== AIM OF THE TASK ==
Your answer should be the lines from the start of the records through the line with "呂布とのツーショット。こうし", copied word for word.

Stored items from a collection
'''
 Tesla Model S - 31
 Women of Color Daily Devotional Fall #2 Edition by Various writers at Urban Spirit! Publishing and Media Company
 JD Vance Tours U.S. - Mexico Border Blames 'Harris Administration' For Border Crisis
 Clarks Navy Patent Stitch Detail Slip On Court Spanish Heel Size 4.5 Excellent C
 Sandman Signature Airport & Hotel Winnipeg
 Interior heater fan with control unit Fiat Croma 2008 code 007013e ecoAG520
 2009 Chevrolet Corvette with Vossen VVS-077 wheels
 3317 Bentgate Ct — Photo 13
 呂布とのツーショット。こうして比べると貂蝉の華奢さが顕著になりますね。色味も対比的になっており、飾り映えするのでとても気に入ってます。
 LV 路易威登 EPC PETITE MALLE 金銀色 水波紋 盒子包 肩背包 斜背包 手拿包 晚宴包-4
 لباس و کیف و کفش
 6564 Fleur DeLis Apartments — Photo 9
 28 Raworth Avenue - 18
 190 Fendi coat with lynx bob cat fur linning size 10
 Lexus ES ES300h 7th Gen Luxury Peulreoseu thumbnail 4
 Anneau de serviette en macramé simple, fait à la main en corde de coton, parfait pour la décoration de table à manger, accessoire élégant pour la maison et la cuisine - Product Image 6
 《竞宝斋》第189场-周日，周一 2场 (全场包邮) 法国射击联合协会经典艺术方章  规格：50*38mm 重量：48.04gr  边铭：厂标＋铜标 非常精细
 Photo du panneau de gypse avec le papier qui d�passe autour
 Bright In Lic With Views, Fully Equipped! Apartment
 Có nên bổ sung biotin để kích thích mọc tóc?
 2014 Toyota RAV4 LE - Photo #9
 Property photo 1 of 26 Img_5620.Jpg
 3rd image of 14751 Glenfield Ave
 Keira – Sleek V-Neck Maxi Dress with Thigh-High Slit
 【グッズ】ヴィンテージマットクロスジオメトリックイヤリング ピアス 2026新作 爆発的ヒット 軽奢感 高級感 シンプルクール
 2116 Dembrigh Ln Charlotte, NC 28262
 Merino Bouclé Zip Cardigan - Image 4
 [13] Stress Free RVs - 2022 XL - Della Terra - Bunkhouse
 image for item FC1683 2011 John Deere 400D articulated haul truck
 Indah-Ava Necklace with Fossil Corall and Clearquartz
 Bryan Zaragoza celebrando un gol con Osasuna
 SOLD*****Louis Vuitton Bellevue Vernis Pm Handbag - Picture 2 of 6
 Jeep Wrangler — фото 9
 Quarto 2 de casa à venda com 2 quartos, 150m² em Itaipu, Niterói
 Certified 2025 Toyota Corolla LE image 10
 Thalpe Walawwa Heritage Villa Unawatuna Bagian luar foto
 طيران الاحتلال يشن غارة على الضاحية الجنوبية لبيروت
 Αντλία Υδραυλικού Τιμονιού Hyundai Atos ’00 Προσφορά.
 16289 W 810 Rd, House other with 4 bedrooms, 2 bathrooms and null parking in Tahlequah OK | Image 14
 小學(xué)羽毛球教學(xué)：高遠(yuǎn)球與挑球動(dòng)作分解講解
'''
== ANSWER SPACE ==
 Tesla Model S - 31
 Women of Color Daily Devotional Fall #2 Edition by Various writers at Urban Spirit! Publishing and Media Company
 JD Vance Tours U.S. - Mexico Border Blames 'Harris Administration' For Border Crisis
 Clarks Navy Patent Stitch Detail Slip On Court Spanish Heel Size 4.5 Excellent C
 Sandman Signature Airport & Hotel Winnipeg
 Interior heater fan with control unit Fiat Croma 2008 code 007013e ecoAG520
 2009 Chevrolet Corvette with Vossen VVS-077 wheels
 3317 Bentgate Ct — Photo 13
 呂布とのツーショット。こうして比べると貂蝉の華奢さが顕著になりますね。色味も対比的になっており、飾り映えするのでとても気に入ってます。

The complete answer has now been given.